Ghost Rider, Johnny Blaze, Lucifer, Clay, Bedelstraum, Shérif Harry O'Connor, Jack O'Lantern, Daniel Way, Richard Corben, Javier Saltares, Mark Texeira, Dan Brown, Marvel

4 commentaires:

  1. Un motard itinérant, un peu vagabond […] un thème aussi fréquent qu'important dans la culture nord-américaine : une figure de l'ouest américain qui donnera naissance, entre autres, au clochard céleste.

    Deux histoires du Motard fantôme qui n'ont rien de cérébral, mais qui sont musclées, rythmées, toniques et non dénuées d'humour : tu le vends bien, je sens une pointe de regret et de tentation naître en moi.
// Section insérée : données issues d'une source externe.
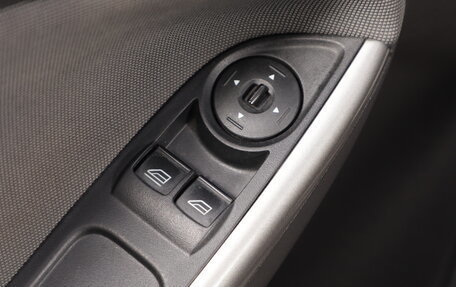 Ford Focus III, 2012 год, 769 000 рублей, 16 фотография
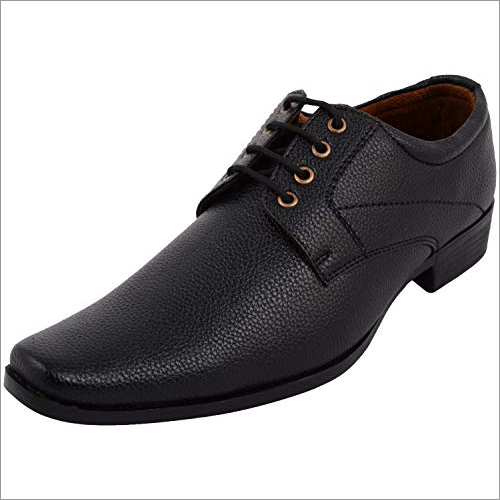 Mens Leather Shoes By PROFOMA INDIA PRIVATE LIMITED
    Le lecteur reconnaît immédiatement le coup de crayon de Corben : après toutes ces décennies passées depuis que j'ai découvert Den (première époque) publié par Métal Hurlant, je reconnais toujours immédiatement son coup de crayon, et je ne connais personne qui ait tenté de dessiner dans un registre proche.

    Arrière-plans soient parfois négligés : entièrement d'accord, je pense que ça vient de l'époque où il dessinait tout à l'aérographe (années 1970, début des années 1980) et qu'il réalisait des camaïeux sophistiqués pour rendre compte de l'ambiance ou passer en mode expressionniste.

    RépondreSupprimer
    Réponses
    1. Le coup de crayon de Corben - C'est exact, moi non plus je ne connais personne qui ait tenté de reproduire son style. Au-delà des réponses toutes trouvées, je me demande bien pourquoi, d'ailleurs. Pourquoi certains artistes créent des émules à n'en plus finir (par exemple, Mignola) alors que l'influence d'autres, sans en douter, à une portée moins directe, moins évidente, car elle n'a pas créé d'émules aisément identifiables (Colan, Corben).
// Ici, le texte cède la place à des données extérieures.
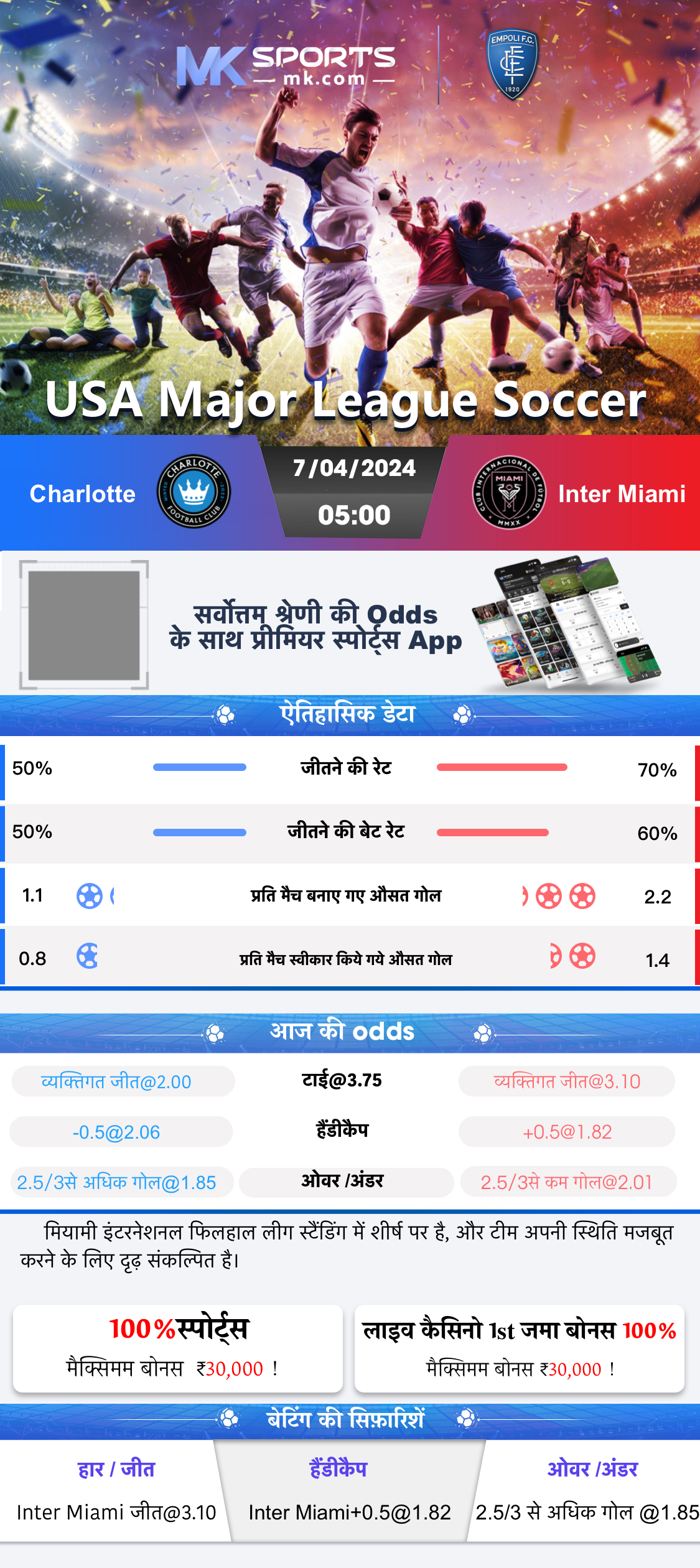 Win Win  2024 W768 Kerala Lottery Result  വിൻ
      L'aérographe - J'ai lu en effet que Corben dessinait à l'aérographe. Veux-tu dire que c'est une technique qu'il n'utilise plus depuis le début des années 1980 ? Quelle technique utilisait-il en fin de carrière, alors ?

      Supprimer
    2. L'aérographe : de ce que j'ai compris c'est un outil assez contraignant qui exige un nettoyage rigoureux et fastidieux après chaque usage.

      https://fr.wikipedia.org/wiki/A%C3%A9rographe

      Concernant la carrière de Richard Corben, on peut distinguer plusieurs époques.

      - Une phase underground fin des années 1960, années 1970, suivi par des histoires courtes dans des anthologies comme Creepy, Eerie, Vampirella, 1984, sa participation à Heavy Metal, et la parution de Den, Bloodstar.

      - Une phase d'autoédition avec sa propre maison appelée Fantagor Press de 1986 à 1994, et un passage progressif au noir & blanc, je présume pour des raisons économiques, l'impression en couleurs rendant les comics plus chers à produire, et donc à la vente.

      - Un retour aux comics en 2000, avec Hellblazer, The house on the borderland pour DC Comics, puis passage chez Marvel (Banner, Cage, Punisher, Ghost Rider, Starr the slayer, adaptations de nouvelles d'Edgar Alan Poe et de HP Lovecraft), puis chez Dark Horse avec les pages consacrées à Connacht, le grand-père de Conan.

      - Un retour à des comics indépendants dont il conserve les droits, essentiellement publiés par Dark Horse Comics, par exemple Spirit of the dead, Shadows on the grave, Rat god, Ragemoor, et quelques histoires pour Hellboy, une pour la franchise Alien, pour Buffy. Dark Horse a également réalisé des rééditions de ses anciennes œuvres pour Creepy et Eerie, et récemment les deux premières saisons de Den.

      Pour son retour dans les années 2000 chez DC et Marvel, il confiait la mise en couleurs à d'autres si ma mémoire est bonne. Pour ses propres œuvres, il me semble qu'il était passé au numérique, mais je n'arrive pas à retrouver l'article où j'ai lu ça.

      Pour un peu plus de détails sur les innovations de mise en couleurs et d'amélioration des techniques d'impression de Richard Corben :

      https://www.youtube.com/watch?v=EiHlsAqNYNw

      Supprimer
    3. Merci pour toutes ces informations.